### [INFORMATION SHOWN]
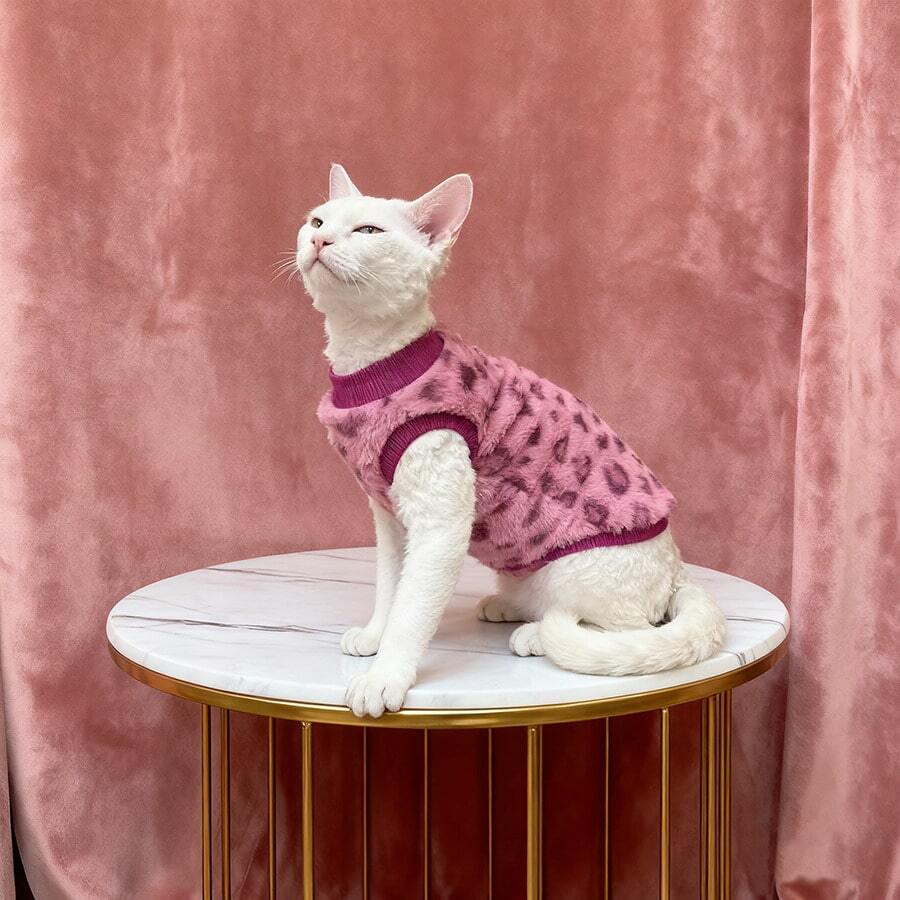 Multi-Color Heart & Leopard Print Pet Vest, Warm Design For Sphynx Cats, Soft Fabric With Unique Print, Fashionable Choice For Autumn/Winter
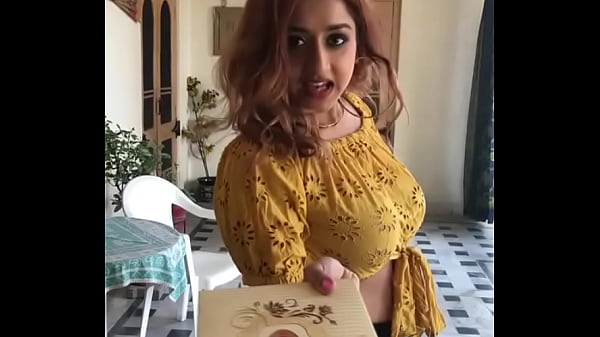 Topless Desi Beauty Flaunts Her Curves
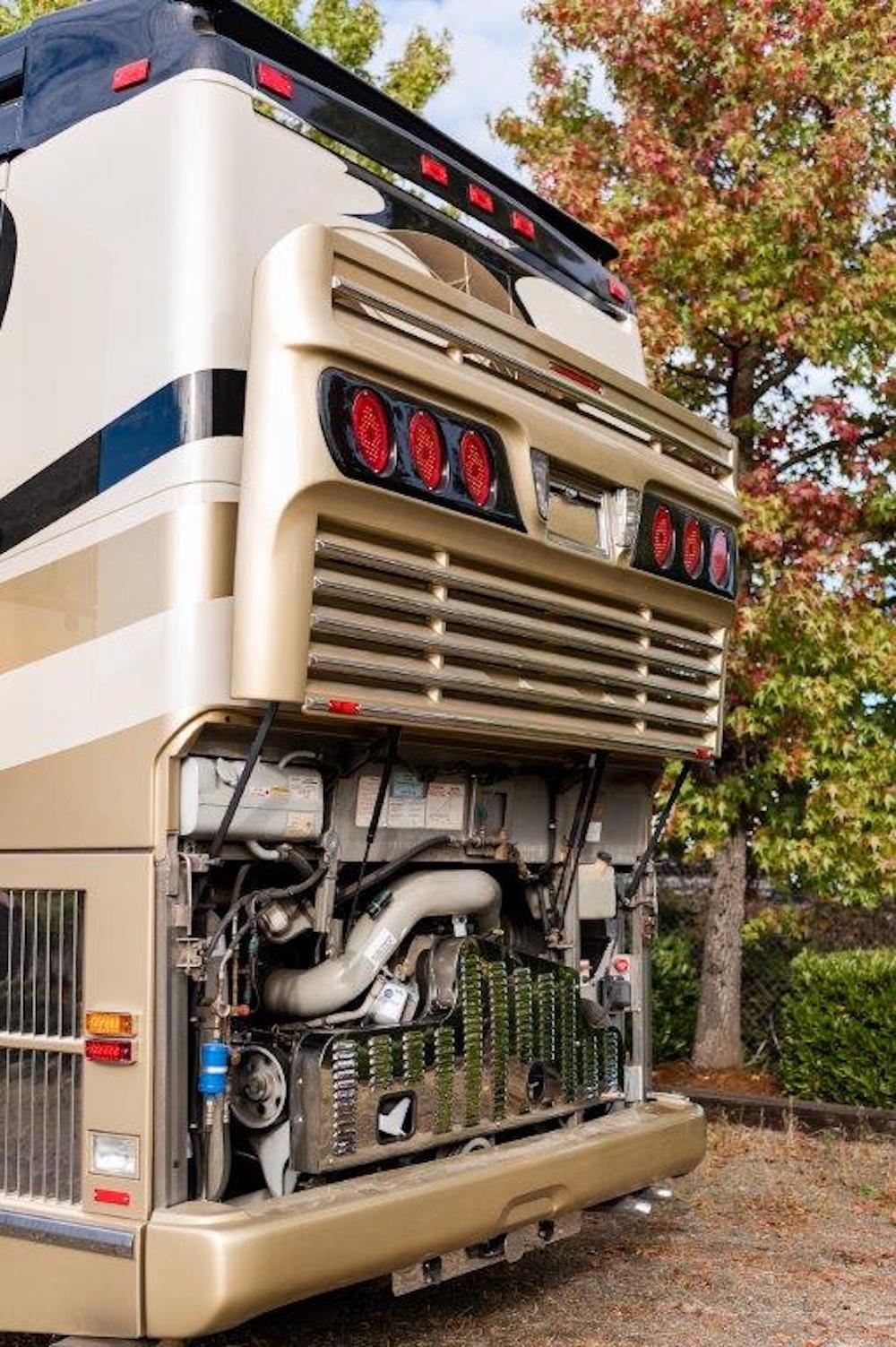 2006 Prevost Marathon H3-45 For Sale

### [TASK STATEMENT]
Without including any images, output the data exactly as given.

### [ANSWER TO THIS TASK]
 Multi-Color Heart & Leopard Print Pet Vest, Warm Design For Sphynx Cats, Soft Fabric With Unique Print, Fashionable Choice For Autumn/Winter
 Topless Desi Beauty Flaunts Her Curves
 2006 Prevost Marathon H3-45 For Sale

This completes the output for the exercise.